My Grandfather’s Transistor Radio Became a Lifeline During Hurricane Sandy
That radio bonded me to my grandfather, and to God, when I was a child. Decades later, it helped keep my family safe during a disaster.
Sometimes, even my sons would pick it up and examine it with distant curiosity, as if they’d happened upon an unrecognizable relic from the past housed beneath glass in an antique shop. They have their 4G network to connect them to the world, a digital vault for their music, and a widescreen television on which they watch baseball with their grandfather. A transistor radio was of no real use to them.
That is, until the eve of Hurricane Sandy, when it became the sole lifeline connecting us to the outside world. “Well, I guess that finally came in handy,” each of the boys conceded in turn, their recognition at last that the future does not hold exclusive rights to all that is worthy.
On that first night of the storm one year ago, amid the howling winds and pounding rain, we heard a deafening blow that shook the back of our house. The windows remained intact, though we were certain that we would discover a gaping hole in our foundation as soon as it was safe to go outside.
Rain continued to fall the next morning, though gently enough to allow us to assess what had happened. The enormous branch that lay there on the wet grass had snapped off the towering maple in our yard, slamming against the house, but miraculously leaving no remarkable damage. We were in shock, both at having made it through just fine and in knowing the tragic, irrevocable losses others had sustained.
It was Oct. 30, the birthday of the son who bears my grandfather’s name, and the day before my grandfather’s own birthday. We pulled the cake out of the refrigerator and invited neighbors, who stepped over felled trees and debris to join us. Meanwhile, the man who cuts our grass appeared out of nowhere with a chainsaw to haul the tree branch away in sections, leaving us a few souvenir rounds of wood he thought we might like to keep.
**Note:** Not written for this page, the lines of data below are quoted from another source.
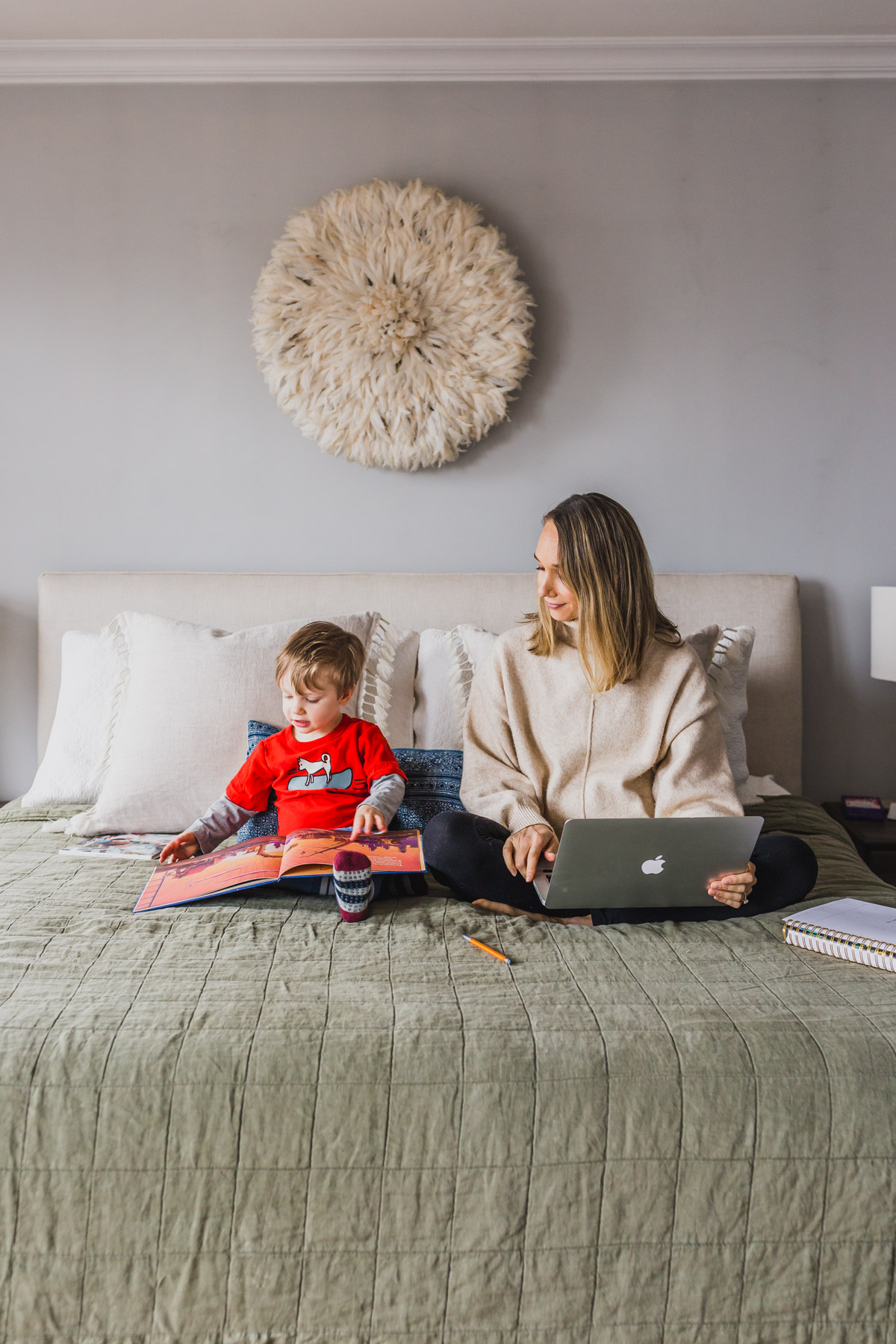 I'm sharing my productive day routine and work from home tips for moms with toddlers. This work at home toddler mom schedule highlights how to block schedule time, easy indoor toddler activities to burn energy, our screen times rules and how to have a productive nap times. Balancing mom life with a job at home is tough, but not impossible, click through for parenting hacks and my work from home schedule. #workfromhomemom #toddleractivities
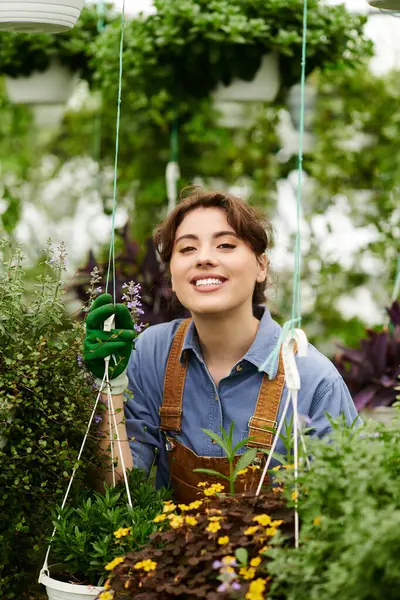 Genç bir kadın hayat dolu bir serada bitkilerle ilgileniyor, mutluluk saçıyor..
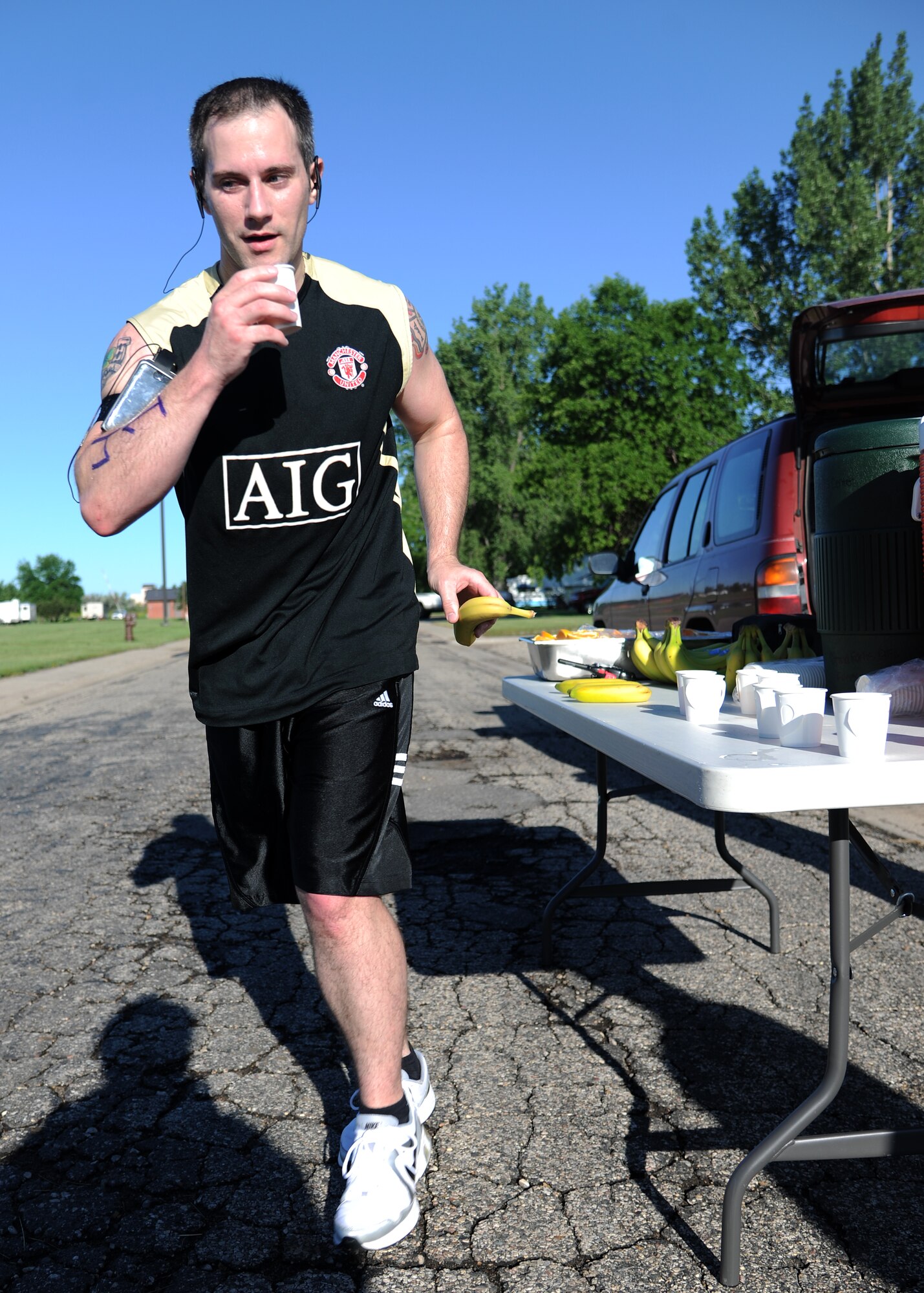 Tech. Sgt. Tony Vaughan, 319th Civil Engineer Squadron, hydrates during the half marathon, June 21, 2012, on Grand Forks Air Force Base, N.D. (U.S. Air Force photo/Airman 1st Class Ashley N. Taylor)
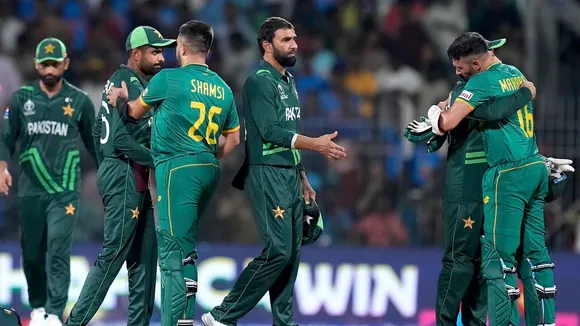 South Africa's batters Keshav Maharaj and Tabraiz Shamsi meet Pakistan players after winning the ICC Men's Cricket World Cup 2023 match against Pakistan, at MA Chidambaram Stadium, in Chennai, Friday, Oct. 27, 2023.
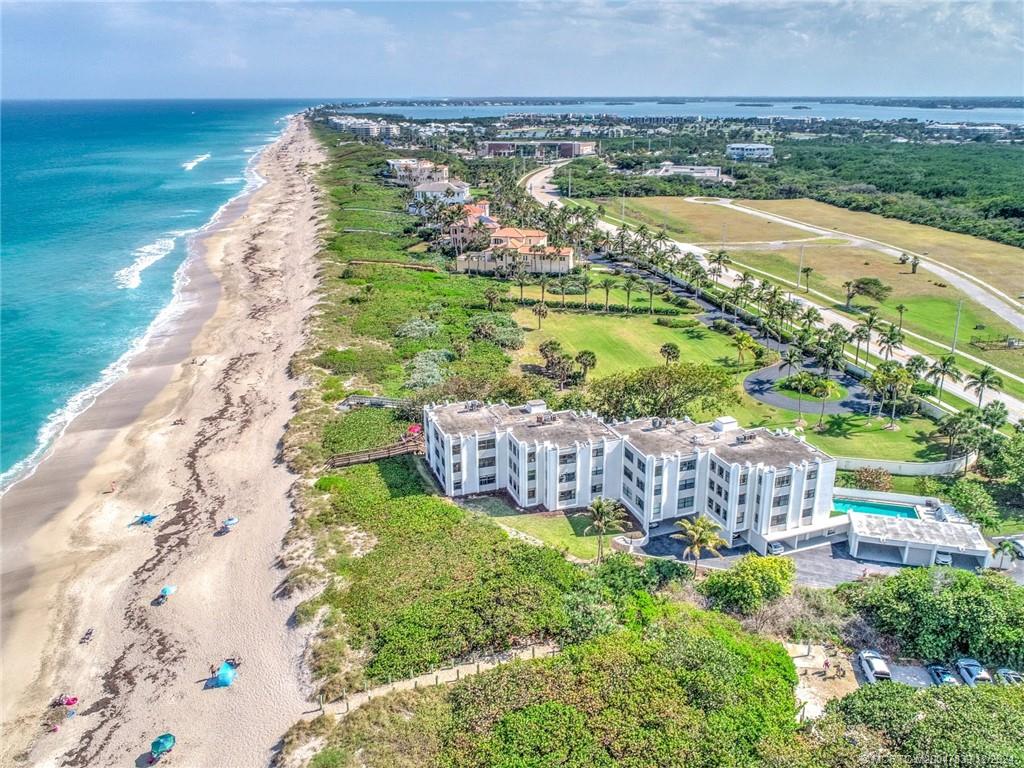 1289 Northeast Ocean Boulevard, Unit 2 Stuart, FL 34996 - Photo 5 of 41 a view of a garden with an ocean view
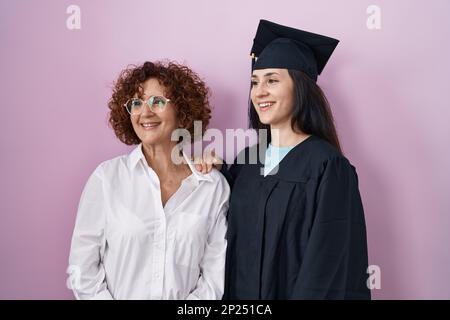 Mère et fille hispaniques portant une casquette de remise des diplômes et une robe de cérémonie en regardant de côté avec le sourire sur le visage, expression naturelle. rire confiant. Banque D'Images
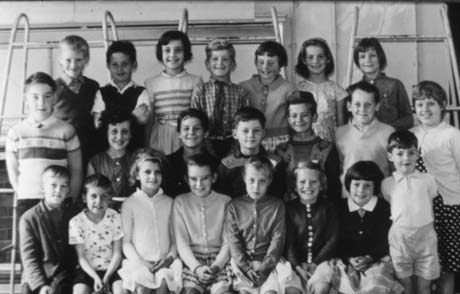 Photograph of twenty two children, aged between approximately five and seven years, posed in a room with tiles on the wall and with ladder-like equipment behind them; the children have been identified as being in Haswell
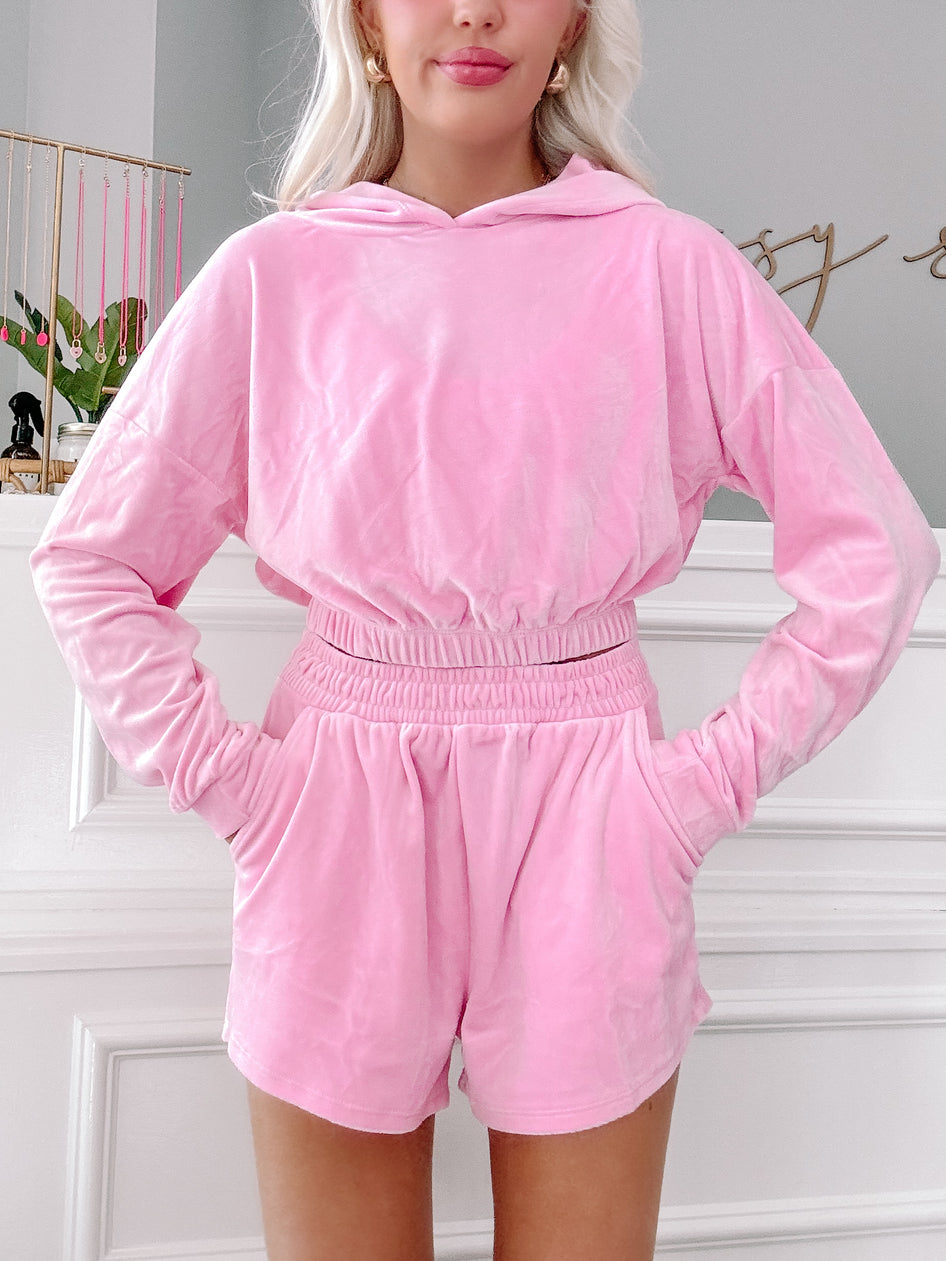 Pink velour hoodie and shorts lounge set; soft, comfortable fabric.
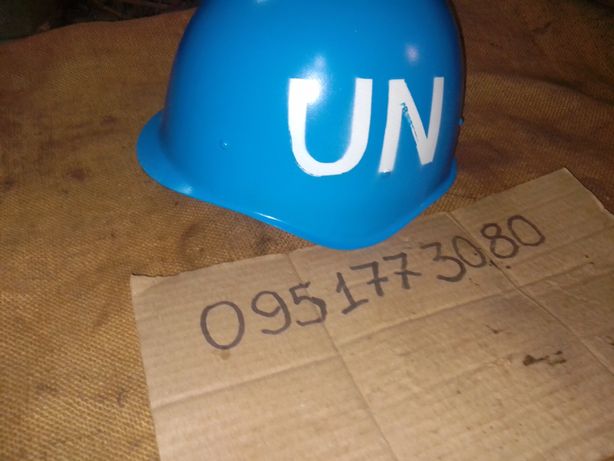 Голубая каска миротворца шлем ООН  .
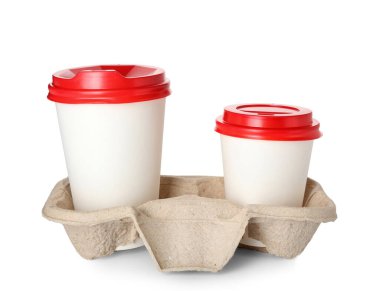 Holder with takeaway paper cups on white background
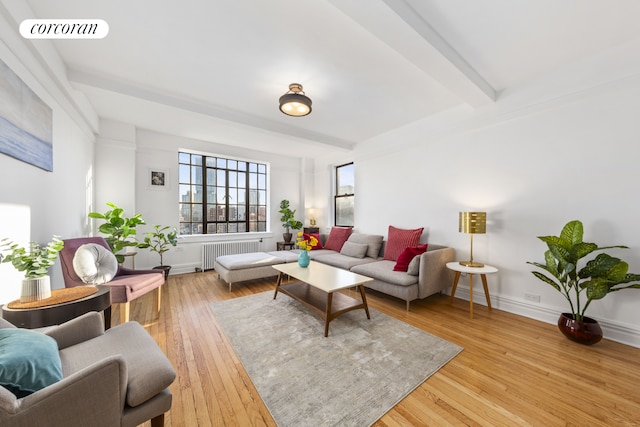 living area featuring visible vents, baseboards, light wood-type flooring, radiator, and beamed ceiling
Over the next few weeks, we slowly resumed our lives in a fog. My husband returned to work when power was restored, and the boys went back to school once the traffic lights came back on and buses could run safely. Surprisingly, the radio never made it upstairs to my husband’s bedside table. Instead, it found its way to the bookshelf in the dining room that holds the seforim. From its new perch by the window, it has a perfect view of the tree in the yard and the progress of life in our home.